About this task: The entries are to be returned exactly, with images left out.

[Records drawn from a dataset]
=-=-=
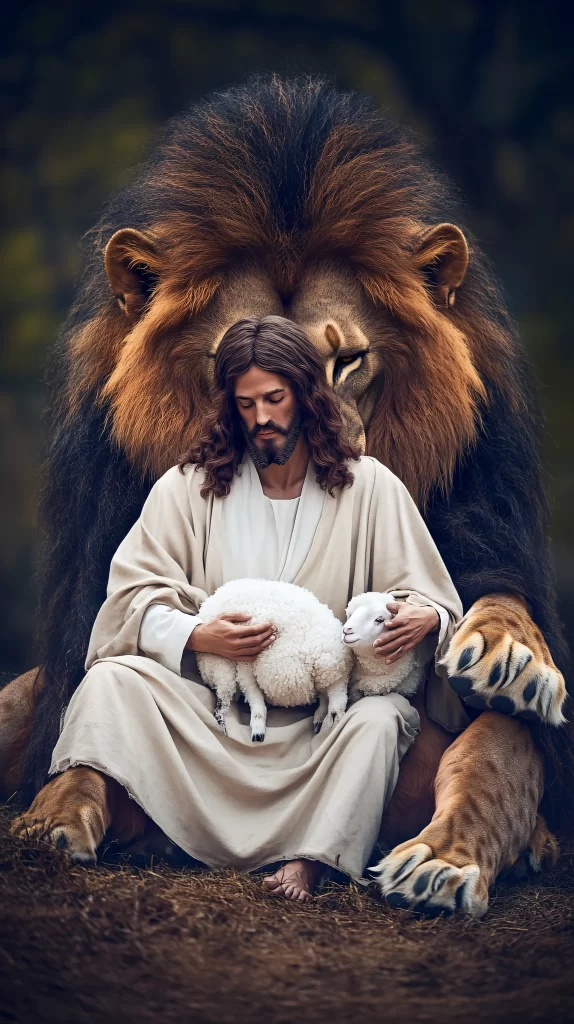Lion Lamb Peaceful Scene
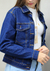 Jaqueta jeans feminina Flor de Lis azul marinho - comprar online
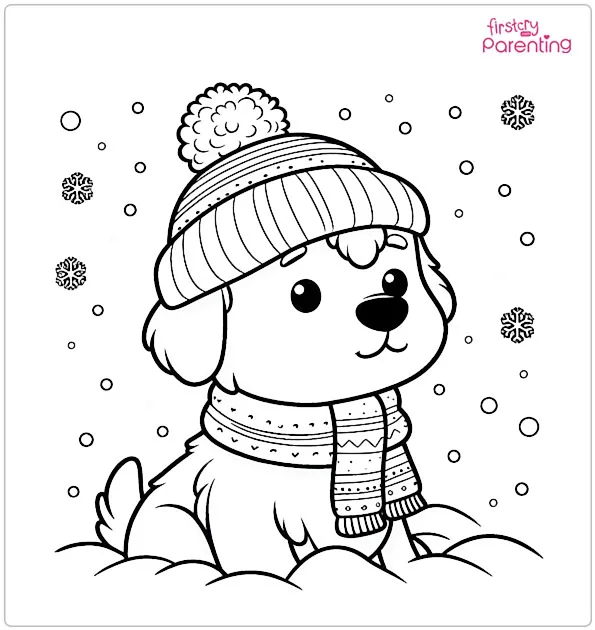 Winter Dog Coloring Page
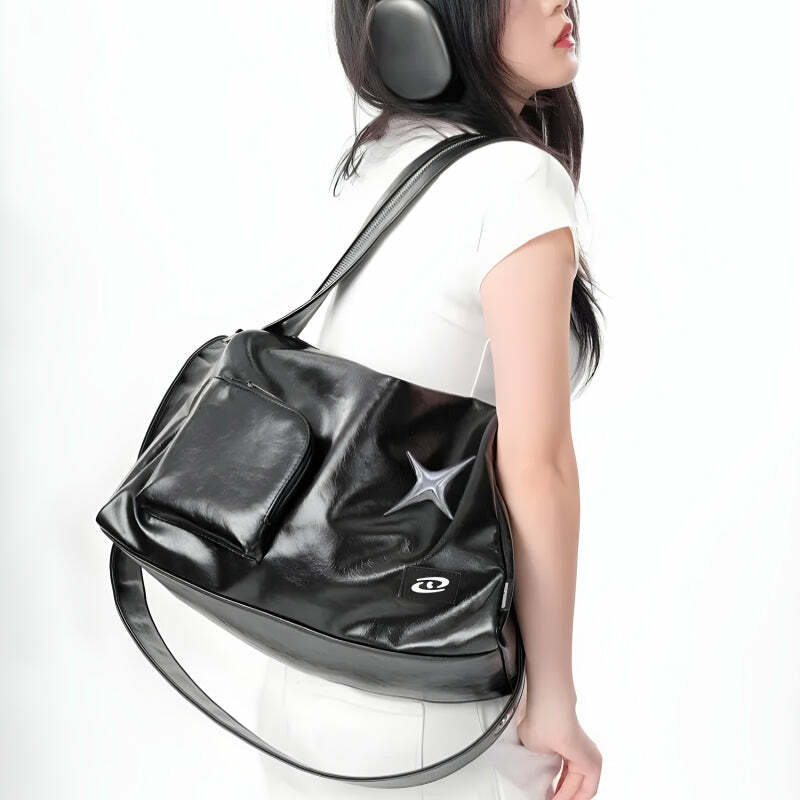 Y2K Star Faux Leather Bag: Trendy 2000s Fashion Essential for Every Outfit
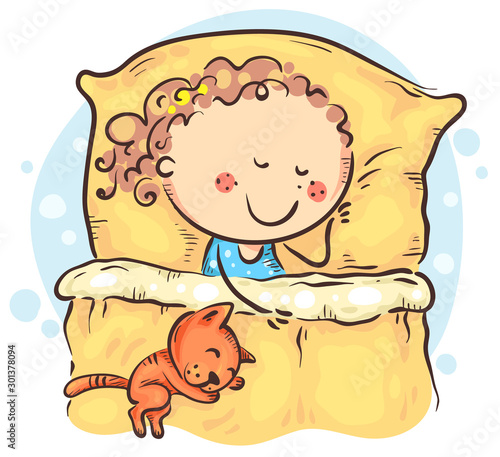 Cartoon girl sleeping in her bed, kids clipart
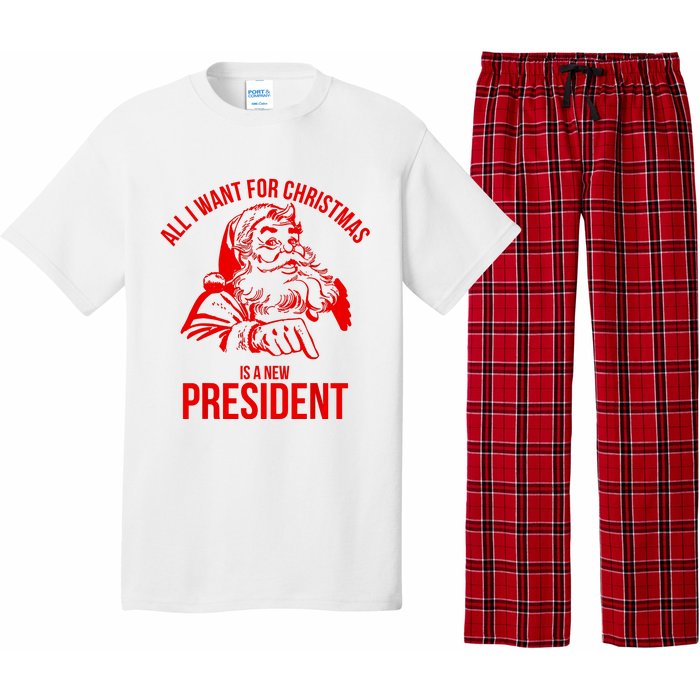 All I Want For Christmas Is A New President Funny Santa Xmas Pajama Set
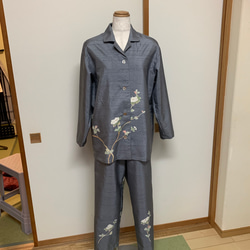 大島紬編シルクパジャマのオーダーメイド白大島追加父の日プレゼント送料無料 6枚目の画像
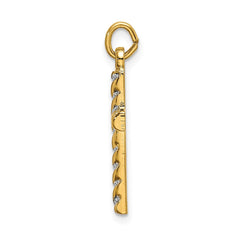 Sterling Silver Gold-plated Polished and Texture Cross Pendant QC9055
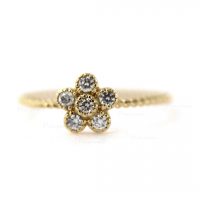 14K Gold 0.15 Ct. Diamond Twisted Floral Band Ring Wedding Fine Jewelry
=-=-=
Solution to the exercise:
Lion Lamb Peaceful Scene
 Jaqueta jeans feminina Flor de Lis azul marinho - comprar online
 Winter Dog Coloring Page
 Y2K Star Faux Leather Bag: Trendy 2000s Fashion Essential for Every Outfit
 Cartoon girl sleeping in her bed, kids clipart
 All I Want For Christmas Is A New President Funny Santa Xmas Pajama Set
 大島紬編シルクパジャマのオーダーメイド白大島追加父の日プレゼント送料無料 6枚目の画像
 Sterling Silver Gold-plated Polished and Texture Cross Pendant QC9055
 14K Gold 0.15 Ct. Diamond Twisted Floral Band Ring Wedding Fine Jewelry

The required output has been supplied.